• _What you are asked to do_: Take the line that contains "Foto de Alumno" in the data below and each line after it, through the last, and repeat them unchanged.
[Records for this exercise — start]
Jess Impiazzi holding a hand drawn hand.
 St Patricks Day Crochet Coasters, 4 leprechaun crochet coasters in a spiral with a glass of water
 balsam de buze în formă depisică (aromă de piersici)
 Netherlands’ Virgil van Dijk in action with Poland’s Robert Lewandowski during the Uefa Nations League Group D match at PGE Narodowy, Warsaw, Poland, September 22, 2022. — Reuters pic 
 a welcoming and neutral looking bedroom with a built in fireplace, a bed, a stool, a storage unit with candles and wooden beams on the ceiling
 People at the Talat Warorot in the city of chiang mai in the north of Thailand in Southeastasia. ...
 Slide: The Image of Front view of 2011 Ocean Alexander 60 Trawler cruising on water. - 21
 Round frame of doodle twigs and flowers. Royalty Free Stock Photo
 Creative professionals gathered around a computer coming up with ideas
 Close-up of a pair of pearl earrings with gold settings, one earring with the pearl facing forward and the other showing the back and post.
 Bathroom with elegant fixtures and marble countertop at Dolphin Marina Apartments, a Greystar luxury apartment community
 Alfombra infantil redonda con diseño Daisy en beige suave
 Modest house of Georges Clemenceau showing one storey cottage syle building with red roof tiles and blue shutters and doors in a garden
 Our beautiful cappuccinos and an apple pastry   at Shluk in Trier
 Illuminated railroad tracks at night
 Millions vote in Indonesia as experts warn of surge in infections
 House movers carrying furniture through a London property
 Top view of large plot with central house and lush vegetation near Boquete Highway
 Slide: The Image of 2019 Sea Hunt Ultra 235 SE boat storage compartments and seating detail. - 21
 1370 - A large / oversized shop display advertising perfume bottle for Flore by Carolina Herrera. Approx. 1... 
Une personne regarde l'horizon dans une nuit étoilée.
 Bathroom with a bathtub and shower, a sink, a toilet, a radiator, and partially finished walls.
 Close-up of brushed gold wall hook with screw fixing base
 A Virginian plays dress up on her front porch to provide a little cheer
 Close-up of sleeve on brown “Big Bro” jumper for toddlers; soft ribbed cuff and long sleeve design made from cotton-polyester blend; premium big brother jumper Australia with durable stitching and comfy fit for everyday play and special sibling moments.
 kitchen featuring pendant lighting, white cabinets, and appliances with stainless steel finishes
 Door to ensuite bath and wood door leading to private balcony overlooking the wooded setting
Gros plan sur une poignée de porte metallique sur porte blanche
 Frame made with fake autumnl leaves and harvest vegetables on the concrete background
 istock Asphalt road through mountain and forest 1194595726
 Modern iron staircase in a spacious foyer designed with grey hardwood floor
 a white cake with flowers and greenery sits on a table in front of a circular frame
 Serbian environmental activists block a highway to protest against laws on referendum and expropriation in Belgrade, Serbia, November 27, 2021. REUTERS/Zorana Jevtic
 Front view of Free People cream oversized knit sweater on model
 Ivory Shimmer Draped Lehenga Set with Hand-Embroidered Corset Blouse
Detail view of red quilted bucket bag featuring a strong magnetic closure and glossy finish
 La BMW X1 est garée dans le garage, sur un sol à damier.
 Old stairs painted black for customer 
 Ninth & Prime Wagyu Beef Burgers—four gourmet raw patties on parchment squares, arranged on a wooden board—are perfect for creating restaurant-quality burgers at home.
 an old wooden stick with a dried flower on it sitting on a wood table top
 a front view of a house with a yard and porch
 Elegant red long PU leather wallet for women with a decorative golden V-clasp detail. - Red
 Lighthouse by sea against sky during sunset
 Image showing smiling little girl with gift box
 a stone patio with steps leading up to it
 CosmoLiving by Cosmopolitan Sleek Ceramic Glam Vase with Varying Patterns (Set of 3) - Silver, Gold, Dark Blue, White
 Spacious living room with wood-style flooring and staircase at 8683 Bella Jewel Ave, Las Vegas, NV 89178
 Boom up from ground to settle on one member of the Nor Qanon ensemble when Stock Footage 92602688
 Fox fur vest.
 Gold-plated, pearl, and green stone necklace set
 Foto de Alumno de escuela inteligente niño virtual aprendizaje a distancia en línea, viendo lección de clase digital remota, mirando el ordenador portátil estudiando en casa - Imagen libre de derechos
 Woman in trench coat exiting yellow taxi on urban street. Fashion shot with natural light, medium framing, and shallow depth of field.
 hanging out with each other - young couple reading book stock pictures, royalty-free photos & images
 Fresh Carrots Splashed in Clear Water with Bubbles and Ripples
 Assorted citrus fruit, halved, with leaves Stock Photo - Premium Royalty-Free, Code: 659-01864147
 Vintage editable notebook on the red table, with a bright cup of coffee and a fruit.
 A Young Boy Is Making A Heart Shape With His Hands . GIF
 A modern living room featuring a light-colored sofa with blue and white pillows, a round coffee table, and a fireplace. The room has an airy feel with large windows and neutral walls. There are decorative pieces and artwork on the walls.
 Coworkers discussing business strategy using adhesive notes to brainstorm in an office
[Records for this exercise — finish]
• _Task response_:
 Foto de Alumno de escuela inteligente niño virtual aprendizaje a distancia en línea, viendo lección de clase digital remota, mirando el ordenador portátil estudiando en casa - Imagen libre de derechos
 Woman in trench coat exiting yellow taxi on urban street. Fashion shot with natural light, medium framing, and shallow depth of field.
 hanging out with each other - young couple reading book stock pictures, royalty-free photos & images
 Fresh Carrots Splashed in Clear Water with Bubbles and Ripples
 Assorted citrus fruit, halved, with leaves Stock Photo - Premium Royalty-Free, Code: 659-01864147
 Vintage editable notebook on the red table, with a bright cup of coffee and a fruit.
 A Young Boy Is Making A Heart Shape With His Hands . GIF
 A modern living room featuring a light-colored sofa with blue and white pillows, a round coffee table, and a fireplace. The room has an airy feel with large windows and neutral walls. There are decorative pieces and artwork on the walls.
 Coworkers discussing business strategy using adhesive notes to brainstorm in an office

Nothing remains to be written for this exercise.